Los de Cristino de Vera son como los bodegones de un Sánchez Cotán por los que cruzara una tormenta de arena del desierto. O el enigmático viento del Espíritu. “El arte sin espíritu no es nada, pura decoración”, dice este pintor que tuvo temporadas en las que solo se alimentó de angustia y de manzanas y que hoy es uno de los pocos artistas vivos con un museo dedicado a sus telas.

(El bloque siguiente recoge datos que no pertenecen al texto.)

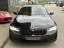 BMW 530 530d Touring xDrive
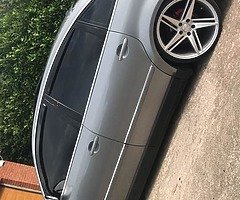 €1,650 - Image 6/8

Sus obras son la nada vista al trasluz del silencio. De ahí que me recuerden el vaciamiento interior de la mística renana. Cristino de Vera es el Maestro Eckhart de los pinceles. El teólogo sin teología que vive de silencio y vino en la nube del no saber, que él ha domiciliado en su casa de Chamberí. Y, porque nada sabe, siempre acierta. Cristino de Vera es lo que pintaría Dios si supiera pintar. O si existiese.

En esta época coronavirizada, en esta época de dentelladas y ruido, yo me he descargado un cuadro suyo, que llevo en el móvil, para contemplarlo en el autobús y no olvidarme de cuánto silencio cabe en la llama de una vela. Y para tener siempre presente que el ruido solo es el miedo a la belleza.